Monday, September 10, 2012

Paul Ryan, other Republicans need to come clean about night of Obama's inauguration

Draper's book includes startling revelations
In April, a book Do Not Ask What Good We Do: Inside the U.S. House of Representatives by Robert Draper was published. The book detailed the shenanigans of the House of Representatives after the 2010 election in which the Republican Party, with the help of the Tea Party Movement, retook the House of Representatives.

However, an eyebrow-raising portion of this book came at the prologue where Draper detailed that several top Republican lawmakers, on the night of President Obama's inauguration in 2009, planned ways to undermine his agenda. According to Sam Stein of The Huffington Post:

According to Draper, the guest list that night (which was just over 15 people in total) included Republican Reps. Eric Cantor (Va.), Kevin McCarthy (Calif.), Paul Ryan (Wis.), Pete Sessions (Texas), Jeb Hensarling (Texas), Pete Hoekstra (Mich.) and Dan Lungren (Calif.), along with Republican Sens. Jim DeMint (S.C.), Jon Kyl (Ariz.), Tom Coburn (Okla.), John Ensign (Nev.) and Bob Corker (Tenn.).

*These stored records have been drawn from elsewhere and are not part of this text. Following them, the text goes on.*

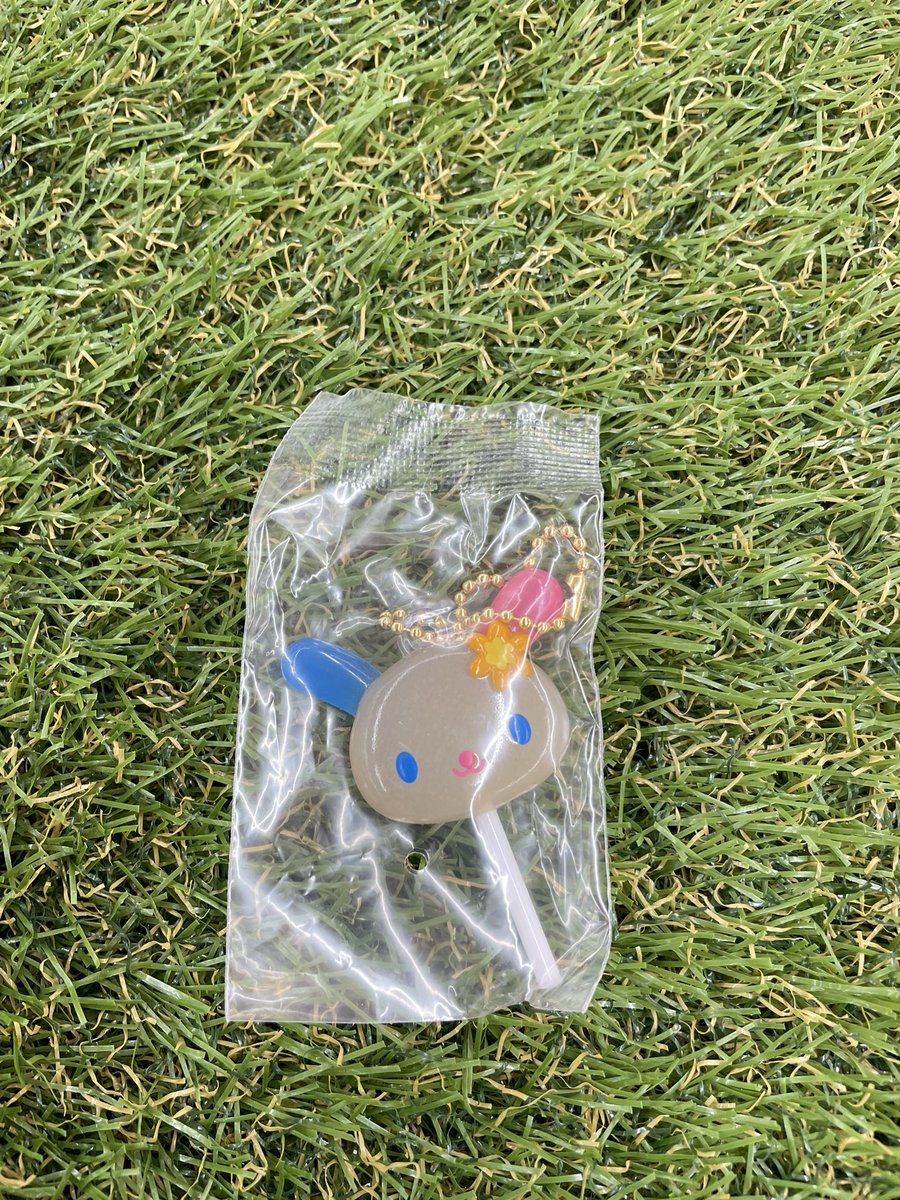 rida：取引垢 tweet media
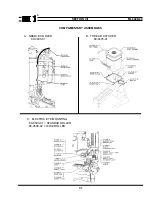 Предварительный просмотр 23 страницы Clinton AS-892E Service Manual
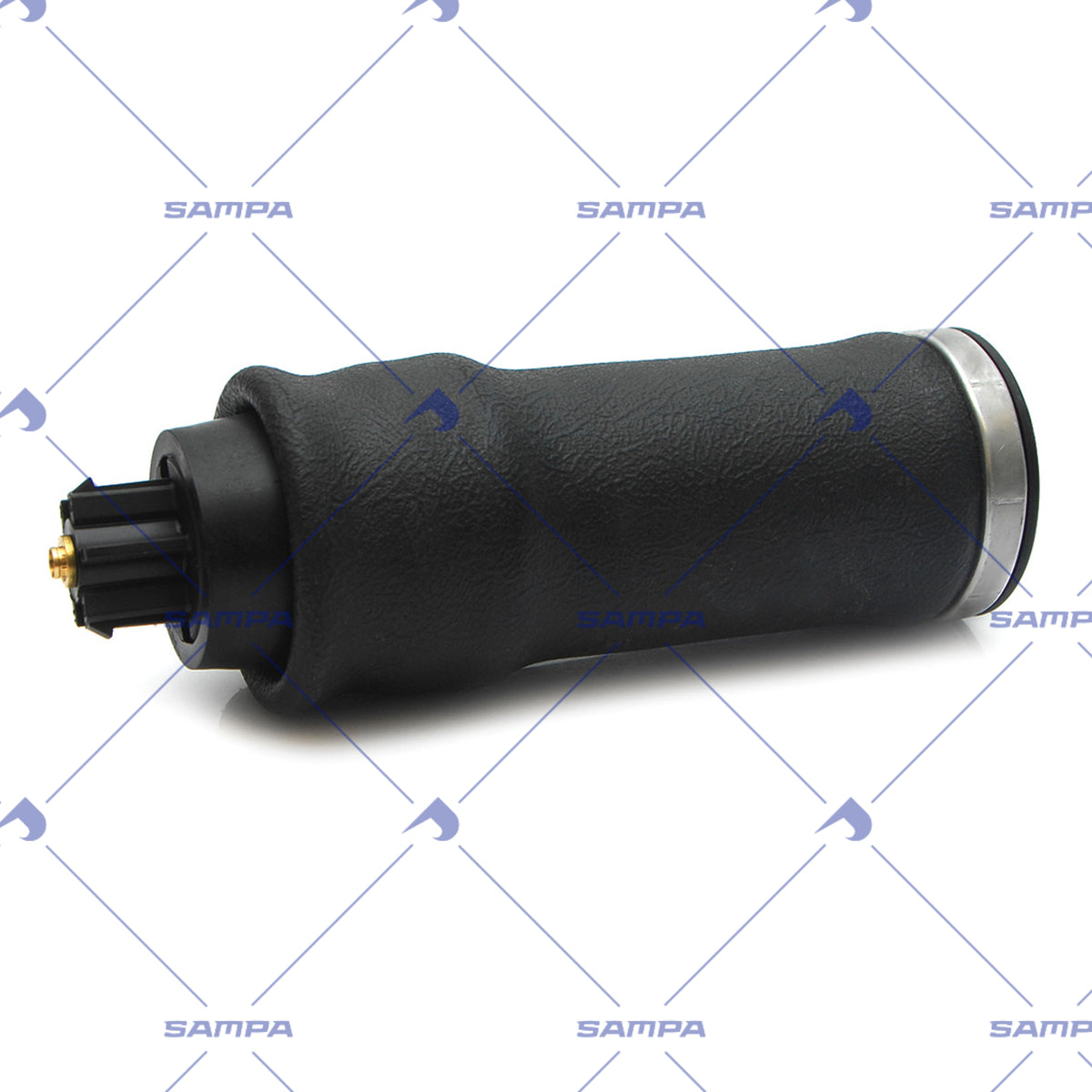 SAMPA 500.907-01 Cab Air Spring for Peterbilt/Kenworth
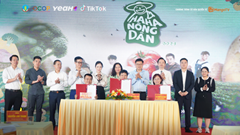 Sản xuất show truyền hình thực tế về văn hóa vùng miền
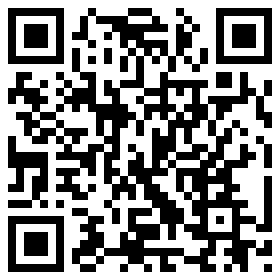 qrcode für Hebotec 2040-003C Flachband-Kabelschuh 16 mm² M10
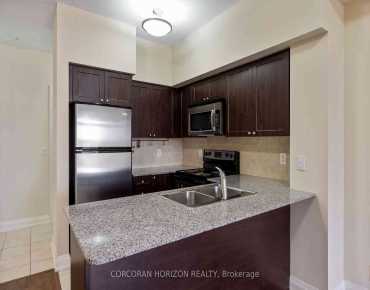 
#310-1070 Sheppard Ave W York University Heights 1 beds 2 baths 1 garage 559000.00        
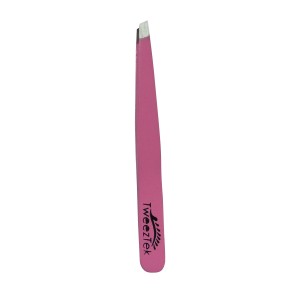 Tweezer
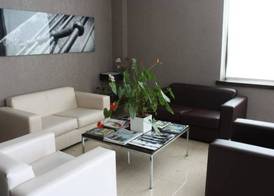 Hotel Pontes do Eume 3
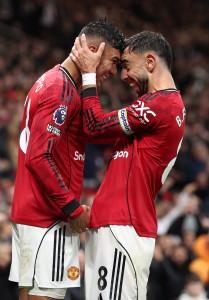 Link-Live-Streaming-Man-United-vs-Sunderland.jpg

The non-lawmakers present included Newt Gingrich, several years removed from his presidential campaign, and Frank Luntz, the long-time Republican wordsmith. Notably absent were Senate Minority Leader Mitch McConnell (R-Ky.) and House Minority Leader John Boehner (R-Ohio).

For several hours in the Caucus Room (a high-end D.C. establishment), the book says they plotted out ways to not just win back political power, but to also put the brakes on Obama's legislative platform.

"If you act like you're the minority, you're going to stay in the minority," Draper quotes McCarthy as saying. "We've gotta challenge them on every single bill and challenge them on every single campaign."

The revelation that some Republicans were planning to undermine President Obama's agenda on the night of his inauguration did play in various outlets. For the most part, conservatives and Republicans ignored it while Democrats registered shock at something they probably already suspected.

Paul Ryan
Many of the players involved in the 2009 meeting played prominent roles when it came to undermining Obama:

Gingrich was once an aspiring presidential candidate where during a debate earlier this year, he infamously called Obama the "Food Stamp President"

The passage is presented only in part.